STASS, L’HOMME QUI VENDIT SON ÂME À DIEU
Par Kira Sapguir,
(Traduit du russe par TM)
(Traduit du russe par TM)
Mais, celui qui mon portrait écrira,
Son infortune au monde surgira
(Vers de Stass Krassovistki première manière)
LA MANSARDE
Il était une
fois, en 1959, lointaine époque féérique où tout le monde s’offrait des
tableaux et se lisait des vers, un lieu
extraordinaire, une pièce d’un appartement communautaire sur Bolchaïa Bronnaya
dans un immeuble décrépit des années 1930. À l’occidentale, on l’avait
baptisée: la Mansarde. Une tache d’une invraisemblable beauté ornait le plafond
et les murs de cette chambre étroite au dernier étage : dans les tons
vert-de-gris sale une abstraction de Pollock se mirait en elle-même, ce dont la
propriétaire des lieux, Galka Andreïeva, n’était pas peu fière.
Élégante Galka.
frange noire, pommettes hautes, diplômée du département français de l’institut
des langues étrangères, un cheveu sur la langue. Ingénue surgie des vers d’une
Akhmatova première manière. La rosée sur des yeux de lynx couleur ambre. Pull
noir moulant. Les cheveux étirés en une queue conique par une barrette de
plastique jaune (au-dessus des yeux couleur d’ambre !). Elle bondissait d’un
cœur à l’autre, comme une mésange de branches en branches — c’est ce qu’on
disait d’elle.
Dans la
mansarde de Bolchaïa Bronnaya se réunissait le « beau monde ». La foule était
en général composée principalement des étudiants de l’institut des langues
étrangères ou de la faculté de philologie de l’université de Moscou. Les
habitués — Andreï Sergueev, le portrait craché de Toutchev.
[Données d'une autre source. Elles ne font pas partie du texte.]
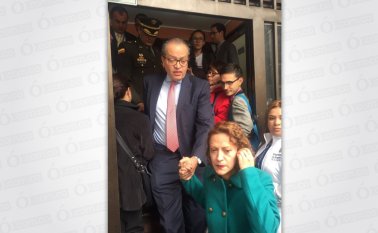 La periodista Jineth Bedoya, quien estuvo acompañada del procurador de la Nación, Fernando Carrillo, cuestionó tener que volver a los estrados judiciales pese a que ya había tenido que comparecer para relatar como sucedió la violación de que fue víctima. Colprensa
Le désagréable
Leonid Tcherkov « toujours animé,
remonté à bloc, dans une effervescence phallique » (cette description caustique
est de A.Sergueïev). Oleg Grichenko, Nikolaï Chatrov, Evgueni Khromov — des
esprits d’une subtilité de haut vol. Des érudits, des polyglottes. La confrérie
des initiés. « L’atelier » comme les avait baptisé Stass Krassovitski, la
colonne vertébrale du groupe, un poète d’un dynamisme et d’une force hors du commun.
LE POÈTE
Le regard a
gravé, sur les tablettes de cire de la mémoire, la fenêtre vénitienne, le coin
surélevé au fond d’une cour d’immeuble
sonore de l’Arbat parsemée d’une toison de pousses de peupliers crasseux. Une
tête orgueilleuse s’y profile, sur fond de crépuscule cuivré : la bouche
arrogante, un front blanc marqué, comme si on avait tenté d’arracher l’émail.
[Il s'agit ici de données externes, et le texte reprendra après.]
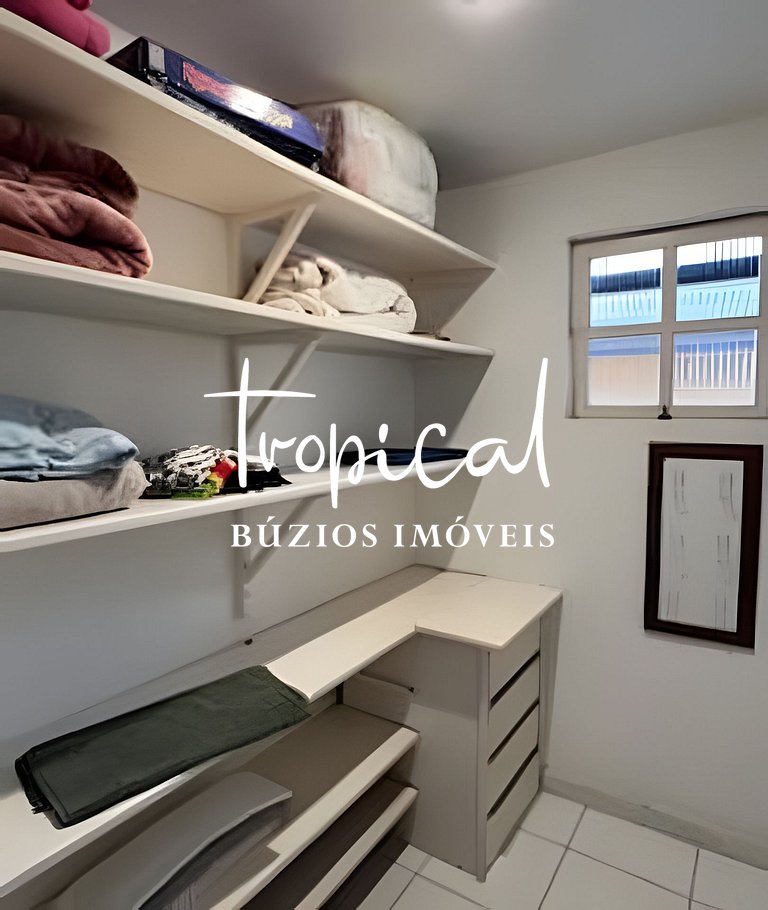 Casa em condomínio a 300 metros da praia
Une veste à l’ancienne mode couleur poussière, en tissu de bonne qualité — le
genre de tissu vendu par son grand-père, du drap et de la cheviotte achetés à
Londres pour ses magasins de Lodz.
Se penchant vers le piano, le poète lit sur le
chevalet :
Seul, je suis resté
La main vide, cinq branches ensoleillées.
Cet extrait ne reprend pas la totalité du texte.